Slain Officer’s Mother Favors Mass. Death Penalty for Cop Killers
BOSTON — Sitting with grieving family members, two lawmakers renewed a push Tuesday to re-establish the death penalty in Massachusetts for a narrow set of offenders: people convicted of murdering a law enforcement officer.
The bill (H 3773) filed by Rep. Shaunna O'Connell of Taunton would give the state the option of seeking the death penalty for anyone 18 years or older who "murders a law enforcement officer ... either knowing that the victim was a law enforcement officer engaged in the performance of his or her duties or in retaliation for performance of his or her duties, or both." The bill defines law enforcement officer as "a correction officer or a person exercising the authority of a police officer, sheriff, or deputy sheriff."
O'Connell was joined at a Judiciary Committee hearing by the mother and widow of Weymouth police Sgt. Michael Chesna, who was killed in the line of duty in July 2018. O'Connell also invoked the line of duty deaths of Yarmouth police Sgt. Sean Gannon, who was killed on the job in April 2018, and Auburn police officer Ronald Tarentino Jr., who was killed in the line of duty in 2016.
"The people who committed these crimes, there is no question of their guilt and we need to really stand with law enforcement and send a strong message that we do not tolerate the murder of any of our law enforcement officers," said O'Connell, a Republican who was first elected to the House in 2010.
The man accused of killing Tarentino, Jorge Zambrano, was fatally shot by police in a subsequent standoff. Thomas Latanowich faces a first-degree murder charge in the death of Gannon, but he has not yet been tried or convicted. Emanuel Lopes, accused of killing Chesna and an elderly witness, is also awaiting trial and has not yet been convicted.
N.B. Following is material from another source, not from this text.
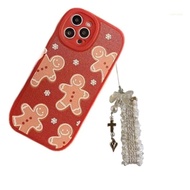 san* Lovely Beaded Phone Charm Fashionable Lace Accessory for Handbags and Mobiles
Massachusetts officially banned the death penalty in 1984 but capital punishment has not been carried out in the Bay State since 1947. Over the years, attempts to revive the death penalty here have either not gained traction or been voted down by lawmakers.
"I don't believe the authors of our Constitution ever intended us to be limited in terms of what we can apply the death penalty to, certainly not to protect law enforcement officers," Rep. David DeCoste, a Norwell Republican, said.
Maryann Chesna, the mother of the Weymouth officer killed on duty, said she is a "complete supporter" of O'Connell's bill because it could provide a deterrent to criminals who shuffle in an out of the justice system.
"The justice system seems to me to be broken. There is no consequence, it's arrest and release, arrest and release. People are being taken in and within hours they're out, they're on probation, they're out on bail," she told the Judiciary Committee. "Nobody follows through, nobody knows what's going on, nobody seems to care."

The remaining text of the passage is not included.